One of the most important—and most misunderstood—truths Jesus highlights is this: being impressive doesn’t mean being obedient. Just because someone is effective, talented, or visibly “successful” in Christian spaces doesn’t automatically mean they’re living under Jesus’ rule. A person can speak well, lead well, sing well, preach powerfully, or even see visible results in ministry—and still not be personally submitted to Christ. Skills can be learned. Charisma can be natural. Influence can grow fast. But none of those things guarantee a surrendered heart.
This is why Jesus gives such a strong warning. He points out that some people will confidently say, “Lord, Lord,” and list everything they’ve done in his name—preaching, miracles, spiritual impact—and God still says, “I never knew you.”
This is the danger. Giftedness can hide disobedience for a long time. A strong gift can distract both the person and everyone watching from what’s actually happening underneath. Someone might struggle with pride, greed, bitterness, sexual sin, dishonesty, or lack of forgiveness—but their talent keeps them celebrated and platformed.

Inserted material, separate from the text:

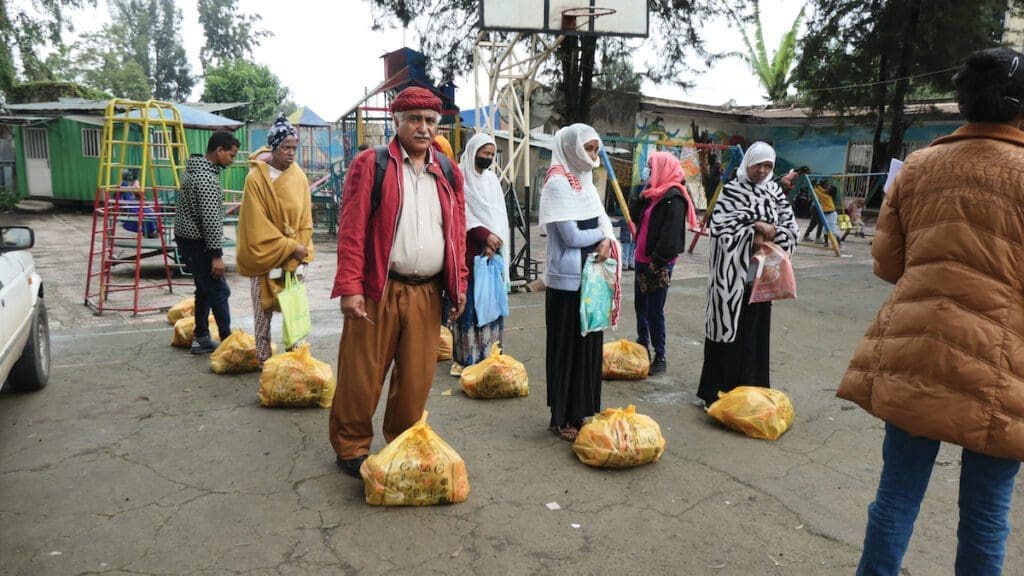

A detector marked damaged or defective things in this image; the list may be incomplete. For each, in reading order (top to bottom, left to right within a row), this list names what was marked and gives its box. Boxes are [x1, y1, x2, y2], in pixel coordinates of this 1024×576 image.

cracked pavement [2, 212, 1024, 573]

This doesn’t mean gifts are bad. God gives gifts freely. But gifts were never meant to replace Godliness. The warning here isn’t just for leaders or public figures—it’s for everyone. We shouldn’t assess ourselves by how impressive our Christian résumé looks or how active we are in church. “Obedience is the only sound evidence of saving faith, and the talk of the lips is useless if not accompanied by a changed life.” — J. C. Ryle
We often decorate the walls but ignore the foundation. The most important part is the part no one sees. Jesus says the Christian life works the same way. What determines whether we stand is our foundation—private obedience and quiet faithfulness. Giftedness does not equal godliness. Being impressive does not mean being obedient. Gifts are not bad, but they were never meant to replace godliness.
Church can actually be a risky place if we’re not careful. Everything can look the same from the outside. Only God sees the heart. Obedience does not earn salvation. Christ alone is the foundation. Obedience reveals whether we are standing on Him.
“If obedience does not flow from a heart changed by grace, then it is not Christian obedience at all.” — Tim Keller
We are saved by grace, not by works. Gospel obedience is about desire, not pressure. At the cross we see the seriousness of our sin and the depth of God’s love. When Christ becomes more beautiful than the sin we cling to, obedience stops being forced and starts flowing from love.
Discussion questions:
- What struck you the most from the sermon?
- What is the difference between staring at the fruit and attending to the root?
- What separates true disciples from wannabe disciples? Can you see the same evidence in your life?
- Why do you think you tend to focus on the decoration instead of the foundation?
- What does it mean to have Jesus as the foundation?